The storms ripped down trees in several areas, and lightning from the storms is believed to be to blame for a house fire at Newland Avenue and Byron Street on the city's Northwest Side. The storms are also blamed for a gas leak in Lyons that erupted into a fire along busy 1st Avenue, forcing the evacuation of a resident and the closure of the road.

Meanwhile, the dry conditions threaten to wreak high-priced havoc at supermarkets and the nation's restaurants, CBS2's Mike Parker reports.

Kayla Smits was selling herbs from her parents' Chicago Heights farm at the Daley Center Thursday.

"It is really hurting a lot of the herbs like cilantro and dill. They're really having a hard time, and even some of the basil is just so dry, and you can't water it enough," she complained.

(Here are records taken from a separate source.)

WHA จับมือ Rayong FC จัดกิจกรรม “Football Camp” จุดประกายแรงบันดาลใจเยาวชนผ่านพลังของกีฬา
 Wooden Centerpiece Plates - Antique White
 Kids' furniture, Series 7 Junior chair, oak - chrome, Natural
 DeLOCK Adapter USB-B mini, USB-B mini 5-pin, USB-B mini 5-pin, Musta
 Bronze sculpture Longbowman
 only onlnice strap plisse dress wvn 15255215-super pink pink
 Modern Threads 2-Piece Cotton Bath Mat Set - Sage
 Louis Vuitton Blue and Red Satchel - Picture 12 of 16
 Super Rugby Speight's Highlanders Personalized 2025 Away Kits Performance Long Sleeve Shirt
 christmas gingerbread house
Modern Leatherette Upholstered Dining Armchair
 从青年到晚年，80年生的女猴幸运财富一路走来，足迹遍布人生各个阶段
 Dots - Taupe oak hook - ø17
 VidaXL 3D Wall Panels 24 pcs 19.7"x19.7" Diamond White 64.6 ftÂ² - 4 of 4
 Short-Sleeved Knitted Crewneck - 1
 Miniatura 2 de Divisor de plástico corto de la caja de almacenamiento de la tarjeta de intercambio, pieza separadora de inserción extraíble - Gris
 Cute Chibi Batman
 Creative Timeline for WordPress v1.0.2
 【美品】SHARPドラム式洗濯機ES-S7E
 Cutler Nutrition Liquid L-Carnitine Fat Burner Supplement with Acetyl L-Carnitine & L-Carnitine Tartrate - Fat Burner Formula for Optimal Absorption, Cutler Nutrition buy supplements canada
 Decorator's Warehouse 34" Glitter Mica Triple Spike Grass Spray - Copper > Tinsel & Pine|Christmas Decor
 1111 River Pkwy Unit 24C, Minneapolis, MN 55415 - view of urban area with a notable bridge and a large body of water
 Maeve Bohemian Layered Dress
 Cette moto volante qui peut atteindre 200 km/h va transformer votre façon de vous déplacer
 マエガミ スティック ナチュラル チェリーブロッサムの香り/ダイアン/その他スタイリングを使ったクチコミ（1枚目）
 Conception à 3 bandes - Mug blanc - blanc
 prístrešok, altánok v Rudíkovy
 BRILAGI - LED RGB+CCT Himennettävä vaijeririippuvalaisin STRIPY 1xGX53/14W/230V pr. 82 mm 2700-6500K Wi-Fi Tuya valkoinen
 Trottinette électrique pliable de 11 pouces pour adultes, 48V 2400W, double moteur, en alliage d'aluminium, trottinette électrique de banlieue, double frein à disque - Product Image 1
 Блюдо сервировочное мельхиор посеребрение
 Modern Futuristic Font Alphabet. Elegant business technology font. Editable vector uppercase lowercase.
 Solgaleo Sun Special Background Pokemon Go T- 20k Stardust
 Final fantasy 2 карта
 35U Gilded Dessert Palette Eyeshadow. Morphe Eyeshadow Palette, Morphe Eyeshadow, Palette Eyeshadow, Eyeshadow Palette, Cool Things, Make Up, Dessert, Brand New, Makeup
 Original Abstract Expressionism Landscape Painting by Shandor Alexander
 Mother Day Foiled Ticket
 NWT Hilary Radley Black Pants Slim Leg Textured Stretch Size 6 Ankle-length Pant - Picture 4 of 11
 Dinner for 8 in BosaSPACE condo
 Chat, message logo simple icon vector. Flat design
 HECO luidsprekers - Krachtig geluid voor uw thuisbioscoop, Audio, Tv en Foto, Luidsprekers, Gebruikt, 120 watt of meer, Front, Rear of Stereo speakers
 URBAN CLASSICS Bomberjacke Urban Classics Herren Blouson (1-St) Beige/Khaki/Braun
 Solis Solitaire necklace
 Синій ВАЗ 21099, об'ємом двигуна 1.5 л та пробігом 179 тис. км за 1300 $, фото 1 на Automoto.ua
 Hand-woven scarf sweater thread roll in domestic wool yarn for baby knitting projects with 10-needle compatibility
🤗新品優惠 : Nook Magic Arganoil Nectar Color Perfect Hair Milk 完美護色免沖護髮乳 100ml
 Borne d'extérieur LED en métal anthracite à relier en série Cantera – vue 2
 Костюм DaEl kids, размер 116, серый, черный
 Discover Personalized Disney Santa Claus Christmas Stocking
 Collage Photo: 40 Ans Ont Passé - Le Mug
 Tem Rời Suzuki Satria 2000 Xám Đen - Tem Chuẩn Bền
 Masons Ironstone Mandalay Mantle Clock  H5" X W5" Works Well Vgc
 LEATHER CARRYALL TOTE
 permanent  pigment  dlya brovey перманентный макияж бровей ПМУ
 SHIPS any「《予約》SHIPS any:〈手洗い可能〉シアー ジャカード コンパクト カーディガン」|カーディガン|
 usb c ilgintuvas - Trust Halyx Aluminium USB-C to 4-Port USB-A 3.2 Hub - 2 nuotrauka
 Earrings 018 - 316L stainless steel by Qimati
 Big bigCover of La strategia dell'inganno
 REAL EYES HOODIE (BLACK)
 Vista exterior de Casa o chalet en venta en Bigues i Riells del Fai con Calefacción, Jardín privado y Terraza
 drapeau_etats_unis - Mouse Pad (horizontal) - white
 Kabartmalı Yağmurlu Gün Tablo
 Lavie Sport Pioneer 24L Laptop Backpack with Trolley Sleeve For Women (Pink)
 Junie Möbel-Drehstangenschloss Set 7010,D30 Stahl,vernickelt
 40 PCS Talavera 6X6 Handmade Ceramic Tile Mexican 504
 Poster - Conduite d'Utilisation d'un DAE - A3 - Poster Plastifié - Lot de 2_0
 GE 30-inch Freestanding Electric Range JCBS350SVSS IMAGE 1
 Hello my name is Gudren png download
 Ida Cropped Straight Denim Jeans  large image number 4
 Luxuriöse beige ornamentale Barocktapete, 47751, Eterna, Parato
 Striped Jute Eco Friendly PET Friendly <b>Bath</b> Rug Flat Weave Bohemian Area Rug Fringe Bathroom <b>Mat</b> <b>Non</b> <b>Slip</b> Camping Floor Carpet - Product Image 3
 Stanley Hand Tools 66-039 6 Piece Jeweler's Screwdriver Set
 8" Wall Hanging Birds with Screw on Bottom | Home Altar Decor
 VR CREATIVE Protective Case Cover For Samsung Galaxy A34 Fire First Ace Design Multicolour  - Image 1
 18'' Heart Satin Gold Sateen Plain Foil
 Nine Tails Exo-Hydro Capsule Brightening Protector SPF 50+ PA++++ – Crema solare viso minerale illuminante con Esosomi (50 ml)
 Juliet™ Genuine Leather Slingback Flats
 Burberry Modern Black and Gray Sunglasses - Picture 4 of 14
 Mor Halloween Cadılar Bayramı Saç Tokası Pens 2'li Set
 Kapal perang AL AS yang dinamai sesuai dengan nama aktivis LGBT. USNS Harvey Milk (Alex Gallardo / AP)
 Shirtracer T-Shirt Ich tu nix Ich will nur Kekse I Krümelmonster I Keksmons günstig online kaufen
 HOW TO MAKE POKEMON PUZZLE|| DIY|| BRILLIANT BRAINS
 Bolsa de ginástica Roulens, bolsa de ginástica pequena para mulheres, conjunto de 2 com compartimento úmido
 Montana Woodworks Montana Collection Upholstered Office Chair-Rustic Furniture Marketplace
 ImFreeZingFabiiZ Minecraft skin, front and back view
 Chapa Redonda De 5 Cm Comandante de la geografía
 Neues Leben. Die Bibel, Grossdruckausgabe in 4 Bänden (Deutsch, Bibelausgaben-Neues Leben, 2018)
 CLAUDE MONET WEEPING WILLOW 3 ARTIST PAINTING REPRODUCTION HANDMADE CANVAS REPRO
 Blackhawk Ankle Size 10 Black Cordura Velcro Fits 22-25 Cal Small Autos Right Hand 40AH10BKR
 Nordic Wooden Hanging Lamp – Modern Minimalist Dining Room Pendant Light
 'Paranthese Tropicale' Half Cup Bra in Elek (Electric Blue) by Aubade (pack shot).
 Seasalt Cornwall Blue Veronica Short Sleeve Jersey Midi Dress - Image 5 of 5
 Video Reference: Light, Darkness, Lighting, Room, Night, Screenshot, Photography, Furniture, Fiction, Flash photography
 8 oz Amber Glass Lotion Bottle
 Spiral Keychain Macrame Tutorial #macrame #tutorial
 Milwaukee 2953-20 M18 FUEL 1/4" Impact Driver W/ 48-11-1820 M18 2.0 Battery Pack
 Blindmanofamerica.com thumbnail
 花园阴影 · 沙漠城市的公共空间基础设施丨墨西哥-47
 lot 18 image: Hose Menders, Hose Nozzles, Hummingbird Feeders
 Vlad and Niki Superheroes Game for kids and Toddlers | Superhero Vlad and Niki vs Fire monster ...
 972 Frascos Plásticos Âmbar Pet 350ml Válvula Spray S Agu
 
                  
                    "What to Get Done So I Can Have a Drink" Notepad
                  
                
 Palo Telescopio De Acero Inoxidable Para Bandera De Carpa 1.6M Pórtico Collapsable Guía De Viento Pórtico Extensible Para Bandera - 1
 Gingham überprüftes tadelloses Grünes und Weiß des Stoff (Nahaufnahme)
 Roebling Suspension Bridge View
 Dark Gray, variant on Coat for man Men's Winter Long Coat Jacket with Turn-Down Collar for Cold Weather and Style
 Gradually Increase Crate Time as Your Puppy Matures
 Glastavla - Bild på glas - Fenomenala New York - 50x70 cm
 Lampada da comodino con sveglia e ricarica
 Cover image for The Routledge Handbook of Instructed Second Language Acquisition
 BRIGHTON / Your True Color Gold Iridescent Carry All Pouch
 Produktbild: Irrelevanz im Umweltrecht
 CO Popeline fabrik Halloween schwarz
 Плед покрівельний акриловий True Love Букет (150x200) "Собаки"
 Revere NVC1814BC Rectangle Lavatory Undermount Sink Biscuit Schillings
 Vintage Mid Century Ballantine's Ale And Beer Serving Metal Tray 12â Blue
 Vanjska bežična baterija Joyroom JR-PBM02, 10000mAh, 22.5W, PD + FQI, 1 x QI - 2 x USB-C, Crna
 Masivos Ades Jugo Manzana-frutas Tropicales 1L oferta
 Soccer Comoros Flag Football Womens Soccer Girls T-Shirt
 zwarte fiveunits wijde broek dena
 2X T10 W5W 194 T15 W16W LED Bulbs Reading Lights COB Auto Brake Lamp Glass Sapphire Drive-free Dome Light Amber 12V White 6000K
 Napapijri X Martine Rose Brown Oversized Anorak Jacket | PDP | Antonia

Price hikes have already started. Since June 1, the price for a bushel of corn has gone up 38 percent; the price for a bushel of beans has risen 24 percent.

Farm vendor Ethan Klug, who sells goods from his Michigan family farm, warned consumers not to be shocked by future food prices.

"We're not trying to rip you off," he said. "We're just trying to make a living and it does cost us more when it's a drought."